Indexing JSON blobs with Azure Search blob indexer

This article shows you how to configure an Azure Search blob indexer to extract structured content from JSON blobs in Azure Blob storage.

JSON blobs in Azure Blob storage are typically either a single JSON document or a JSON array. The blob indexer in Azure Search can parse either construction, depending on how you set the parsingMode parameter on the request.

JSON document parsingMode Description Availability
One per blob json Parses JSON blobs as a single chunk of text. Each JSON blob becomes a single Azure Search document. Generally available in both REST and .NET APIs.
Multiple per blob jsonArray Parses a JSON array in the blob, where each element of the array becomes a separate Azure Search document. In preview, in REST api-version=2016-09-01-Preview and .NET SDK Preview.

Note

Preview APIs are intended for testing and evaluation, and should not be used in production environments.

Setting up JSON indexing

Indexing JSON blobs is similar to the regular document extraction in a three-part workflow common to all indexers in Azure Search.

Step 1: Create a data source

The first step is to provide data source connection information used by the indexer. The data source type, specified here as azureblob, determines which data extraction behaviors are invoked by the indexer. For JSON blob indexing, data source is definition is the same for both JSON documents and arrays.

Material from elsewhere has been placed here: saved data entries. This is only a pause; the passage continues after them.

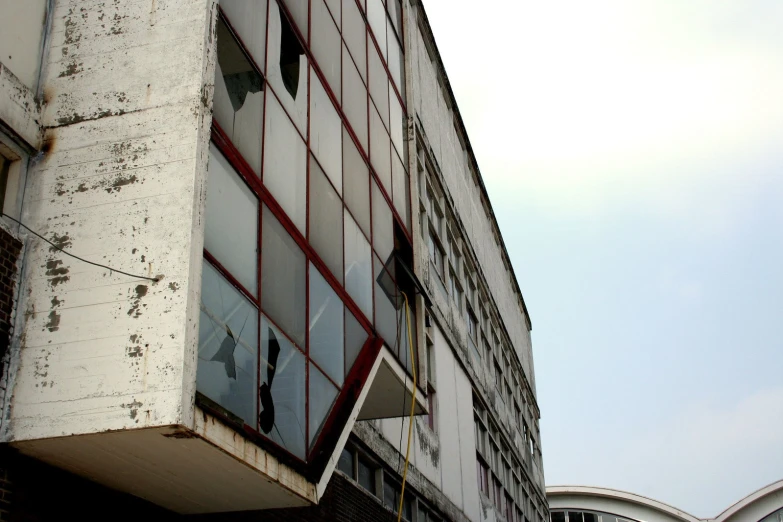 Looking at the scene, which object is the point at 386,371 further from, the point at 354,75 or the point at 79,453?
the point at 79,453

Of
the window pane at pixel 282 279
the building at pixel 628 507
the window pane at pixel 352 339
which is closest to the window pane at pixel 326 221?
the window pane at pixel 352 339

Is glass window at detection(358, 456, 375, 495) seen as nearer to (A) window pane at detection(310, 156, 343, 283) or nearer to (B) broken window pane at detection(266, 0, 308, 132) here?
(A) window pane at detection(310, 156, 343, 283)

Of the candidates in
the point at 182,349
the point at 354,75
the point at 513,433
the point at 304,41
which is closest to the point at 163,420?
the point at 182,349

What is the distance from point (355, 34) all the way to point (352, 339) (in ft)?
15.2

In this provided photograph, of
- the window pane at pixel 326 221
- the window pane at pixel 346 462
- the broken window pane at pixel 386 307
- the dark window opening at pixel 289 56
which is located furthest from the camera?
the window pane at pixel 346 462

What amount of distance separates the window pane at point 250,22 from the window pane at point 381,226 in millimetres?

POST https://[service name].search.windows.net/datasources?api-version=2016-09-01
Content-Type: application/json
api-key: [admin key]

{
    "name" : "my-blob-datasource",
    "type" : "azureblob",
    "credentials" : { "connectionString" : "DefaultEndpointsProtocol=https;AccountName=<account name>;AccountKey=<account key>;" },
    "container" : { "name" : "my-container", "query" : "optional, my-folder" }
}   

Step 2: Create a target search index

Indexers are paired with an index schema. If you are using the API (rather than the portal), prepare an index in advance so that you can specify it on the indexer operation.

Note

Indexers are exposed in the portal through the Import action for a limited number of generally available indexers. Often, the import workflow can often construct a preliminary index based on metadata in the source. For more information, see Import data into Azure Search in the portal.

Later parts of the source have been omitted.